For the West-Africa corridor Ghana and Nigeria are expected to boost trade activities within the region. Trade between Ghana and its West African neighbours is expected to experience rapid double-digit growth by 2035. In the West- South Africa Corridor, South Africa is expected to remain Ghana’s largest trade partner.

He mentioned that Nigeria will be a key driver of trade activities within the region, with the country’s trade activities with other West and Central Africa markets forecasted to grow rapidly through 2035. Nigeria is expected to remain South Africa’s largest source of imports whereas export growth from South Africa to Nigeria is also predicted to increase. Nigeria’s exports to Cameroon and Cote d’Ivoire are forecasted to experience robust growth.

In South and East Africa, markets like Botswana, Zambia and Mozambique will drive the corridor’s intra-exports.

Furthermore, the East Africa corridor is forecasted to be one of the highest and fastest growing trade regions within the continent, driven by trade activities between Kenya, Uganda, Tanzania, and Rwanda. For the South-East Africa corridor, South Africa is expected to remain Kenya’s largest source of imports.

Within the North African markets, he stated that Egypt will be the focal point of trade within the region with majority of its intra- Africa trade activities being amongst Northern African markets. with Libya and Morocco both forecasted to increase trade activities with Egypt. Also, in the North-African corridor, Egypt is expected to be Kenya’s largest export partner within the North -East Africa corridor. Northern Africa markets will continue to constitute majority of Egypt’s intra-AfCFTA exports; Libya and Morocco both forecast to show continuous growth.

AfCFTA will cut trade costs through digitalising customs and border procedures. This will significantly reduce the time spent using manual processes to make trade more efficient and boost cross border connectivity.
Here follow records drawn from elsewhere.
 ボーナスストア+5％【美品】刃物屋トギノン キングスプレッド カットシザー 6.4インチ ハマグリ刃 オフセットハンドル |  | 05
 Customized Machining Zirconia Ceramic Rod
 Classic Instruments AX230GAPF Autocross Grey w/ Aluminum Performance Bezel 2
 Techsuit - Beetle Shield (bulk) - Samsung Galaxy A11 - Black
It will also help alleviate infrastructural barriers and provide vendors access to a larger customer base through e-commerce platforms.
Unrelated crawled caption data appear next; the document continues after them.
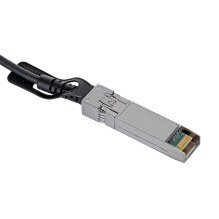 Network Cable - Ubiquiti UACC-DAC-SFP10 0.5M SFP+ 10 Gbit/s Black Network Cable - Ubiquiti UACC-DAC-SFP10 0.5M SFP+ 10 Gbit/s Black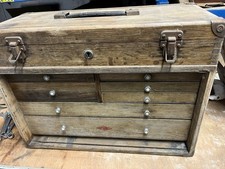 Engineering tools box for sale  COLCHESTER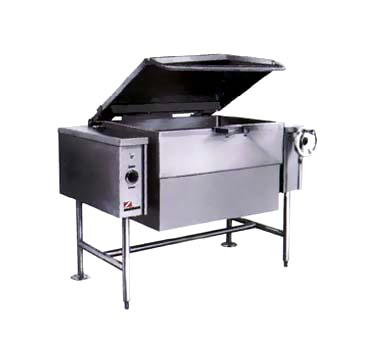 SOUTHBEND BECT-40 Electric Floor Tilt Skillet 40 Gallon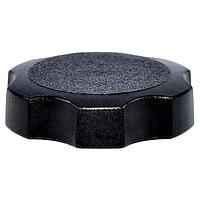 Essentra Components KSM6----O3--5-- Knobs & Dials Self-Assembly Fluted Knob 1.500 in Diameter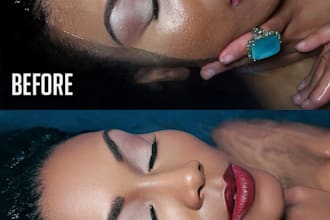 clear the photo and song on background videos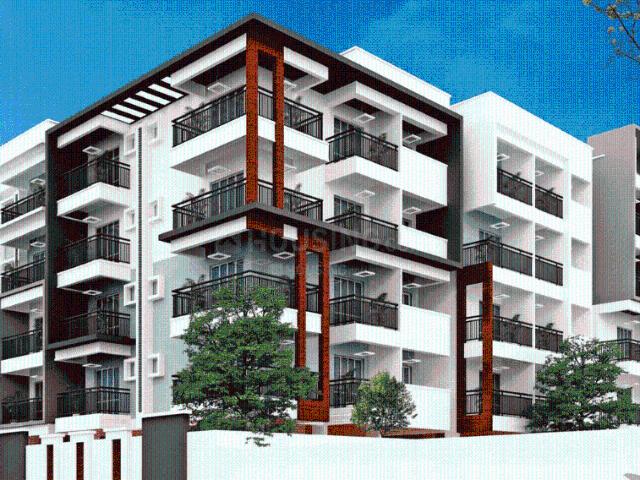 3 BHK Apartment in Kothanur for resale Bengaluru. The reference number is 19619623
He said, as a connector bank, Standard Chartered works strategically across Africa and the corridors of Asia, Americas, Europe and the Middle East, connecting individuals, businesses and opportunities as a progressive banking partner. Standard Chartered Bank continues to engage clients to deliver best in class scalable solutions to ensure world class service delivery.

E-commerce solutions and digitalisation including digital supply chains will catalyse trade and lead to economic growth and with initiatives such as the Standard Chartered Straight2Bankpay. The bank offers local customers/industries the opportunity to engage with international partners/ customers seamlessly.

He concluded that the Bank will continue to host fora for stakeholder engagements and provide thought leadership for clients who wish to leverage the African Continental Free Trade Area, making Standard Chartered a strategic partner for all clients seeking to fully leverage AfCFTA.